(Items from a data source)

════════════════════

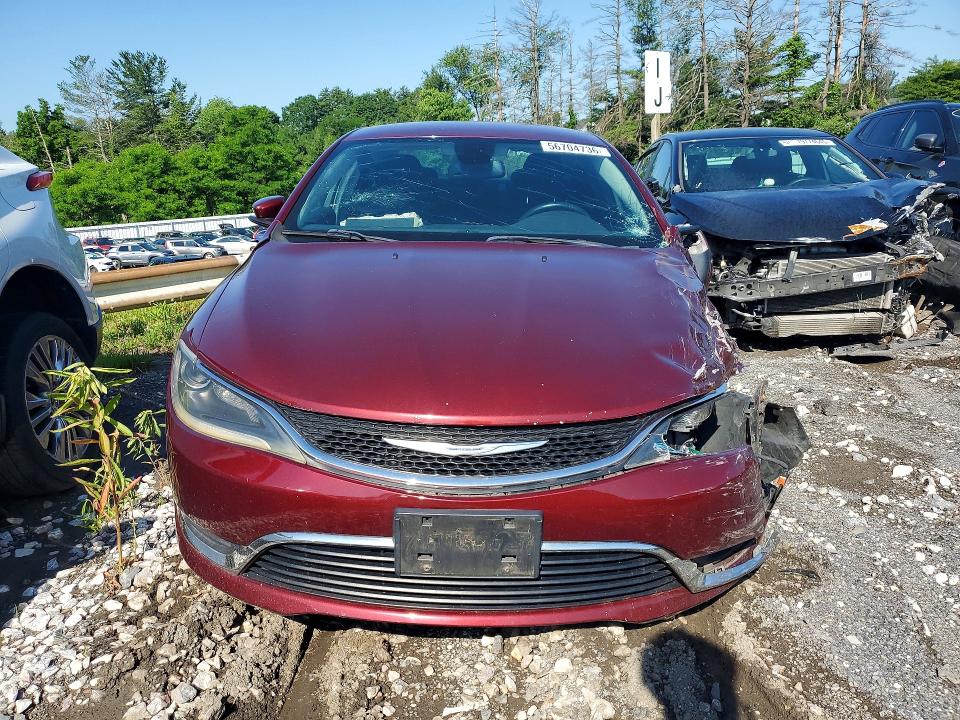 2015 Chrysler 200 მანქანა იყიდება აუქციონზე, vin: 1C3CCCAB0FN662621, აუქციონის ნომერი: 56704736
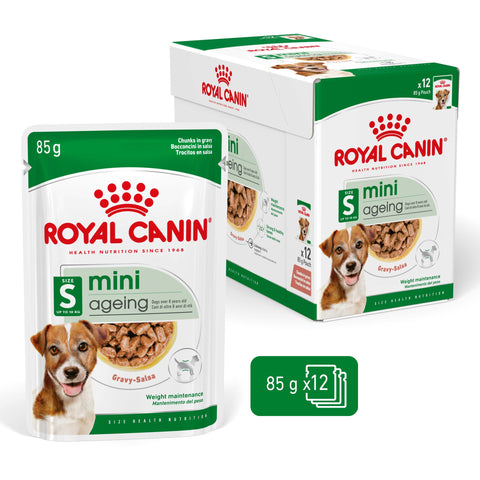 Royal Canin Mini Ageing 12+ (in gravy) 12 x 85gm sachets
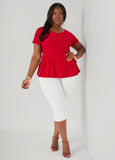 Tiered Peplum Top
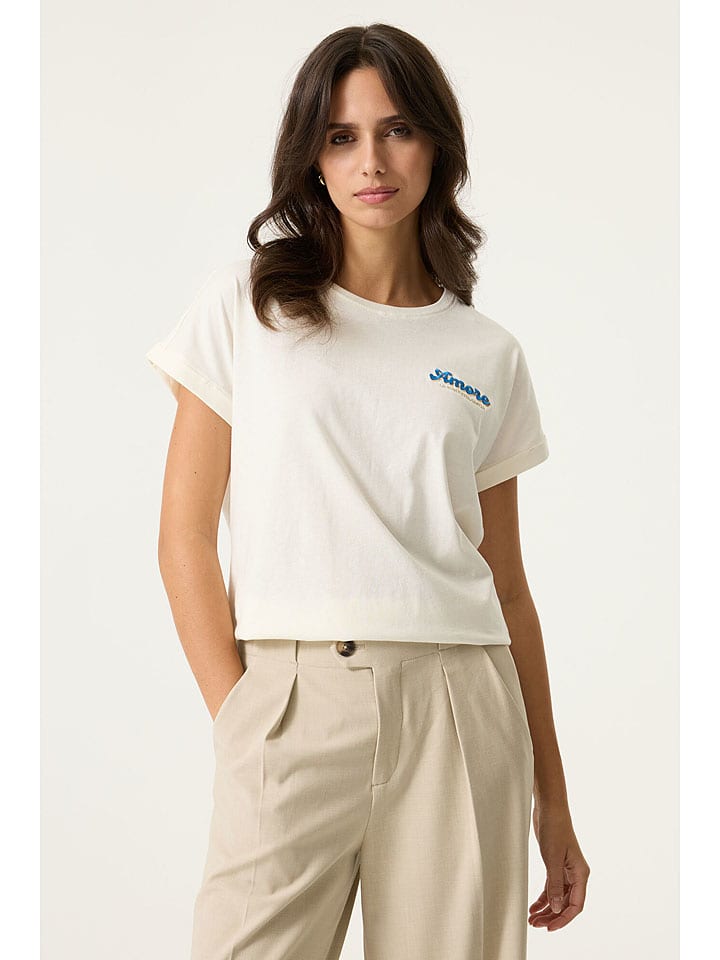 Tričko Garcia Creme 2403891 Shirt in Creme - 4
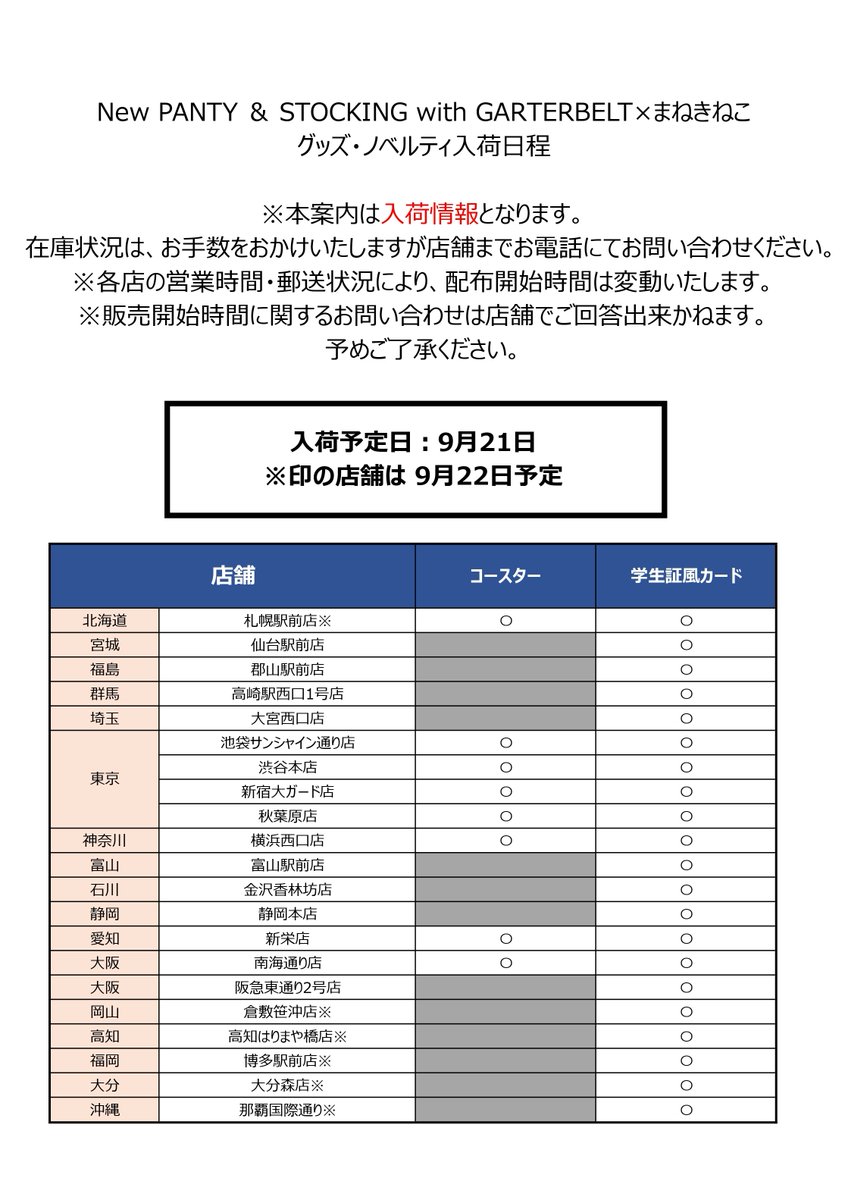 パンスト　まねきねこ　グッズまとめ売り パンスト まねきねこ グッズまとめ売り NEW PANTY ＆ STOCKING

════════════════════

» **Assignment**
From the opening line of the entries, copy each line exactly until the line with "Tričko Garcia Creme", which is copied as well; leave out pictures.

» **Response box**
 2015 Chrysler 200 მანქანა იყიდება აუქციონზე, vin: 1C3CCCAB0FN662621, აუქციონის ნომერი: 56704736
 Royal Canin Mini Ageing 12+ (in gravy) 12 x 85gm sachets
 Tiered Peplum Top
 Tričko Garcia Creme 2403891 Shirt in Creme - 4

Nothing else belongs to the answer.